A: The study defines three kinds of program faculty. Core and New faculty will receive individual surveys. Associated faculty will not receive individual surveys.

1. CORE program faculty. These are faculty members who have served as a chair or member of a program dissertation committee in the past 5 academic years (2001-02 through 2005-06) OR who are serving as a member of the graduate admissions or curriculum committee. The faculty member must be currently (2006-07) and formally designated as faculty in the program and not be an outside reader who reads the dissertation but does not contribute substantially to its development. Include emeritus faculty only if the faculty member has, within the last 3 years, either chaired a dissertation committee or has been the primary instructor for a regular Ph.D. course.

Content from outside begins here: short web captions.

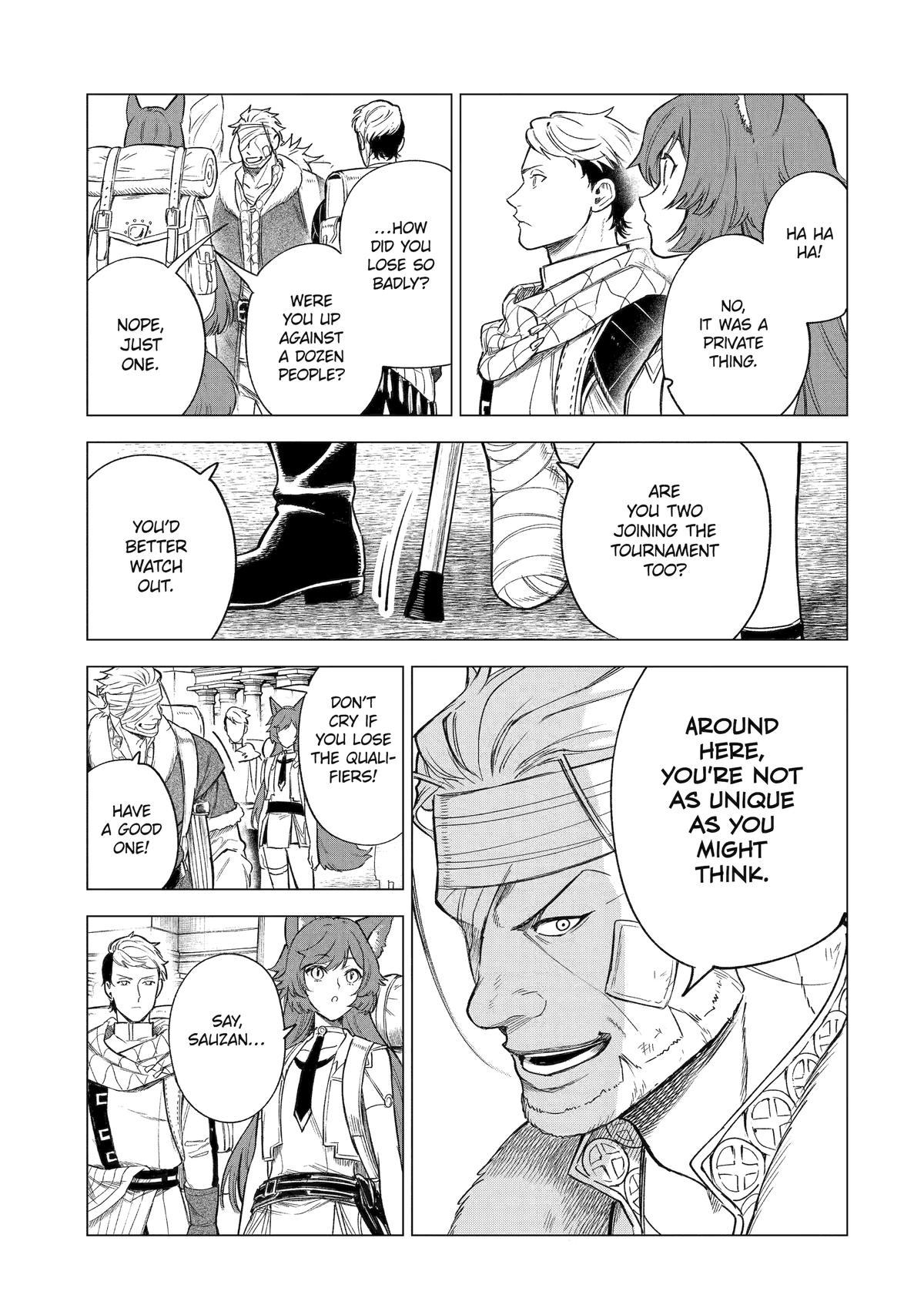 Nia Liston: The Merciless Maiden Chapter 34 - Page 33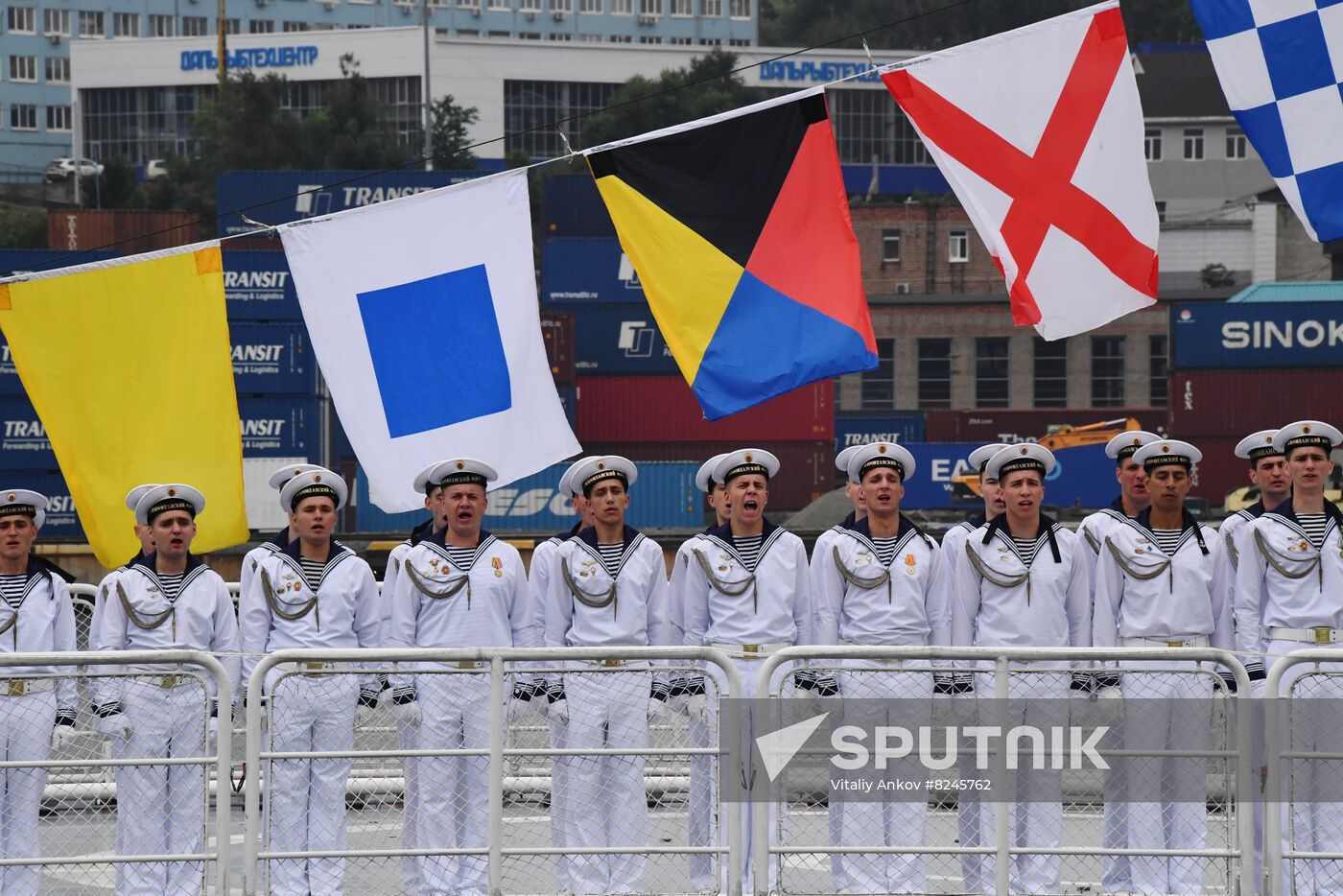 Russia Regions Navy Day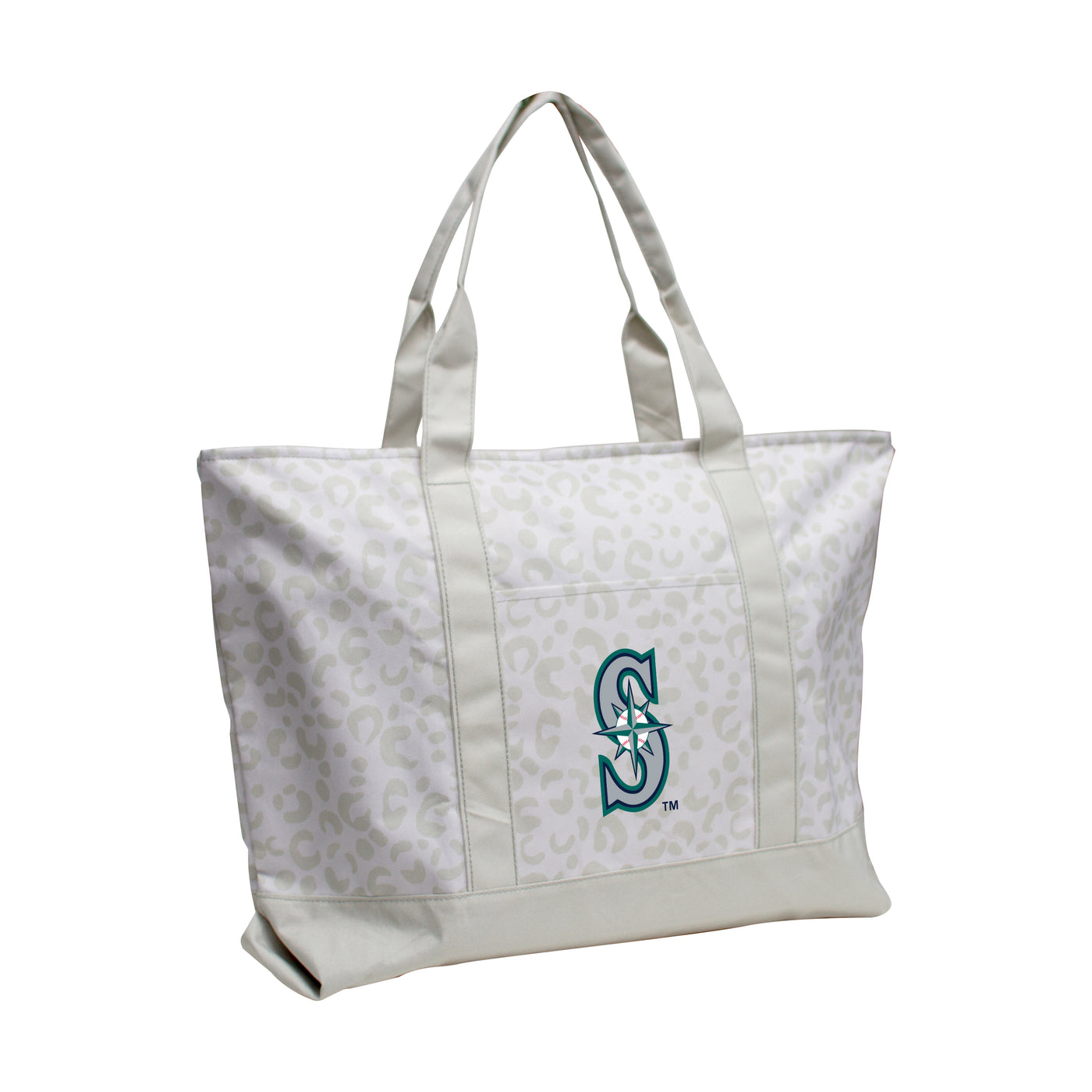Seattle Mariners Leopard Pattern Tote - Logo Brands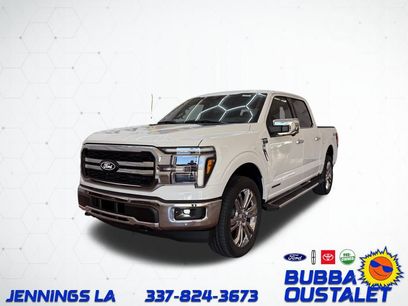 New 2025 Ford F150 Lariat w/ Equipment Group 502A High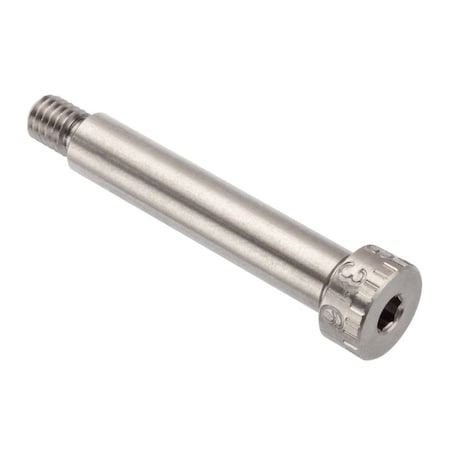 Ampg Shoulder Screw, 3A Thr Sz, 1/4 in Thr Lg, 1-1/4 in Shoulder Lg, 316 Stainless Steel STR60214F20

2. NEW program faculty. Currently employed (2006-07) faculty members, have joined the faculty in 2003-04 or later, and are not serving on dissertation committees or on graduate admissions or curriculum committees. They are expected to become involved in the Ph.D. program.

3. ASSOCIATED faculty. Faculty who have chaired or served on program dissertation committees in the past 5 years (2001-02 through 2005-06), have a current (2006-07) faculty appointment at your institution, but who are not designated core or new faculty in the program. They should not be outside readers, or faculty currently employed at other universities. Include emeritus faculty only if the faculty member has, within the last 3 years, either chaired a dissertation committee or been the primary instructor for a regular Ph.D. course.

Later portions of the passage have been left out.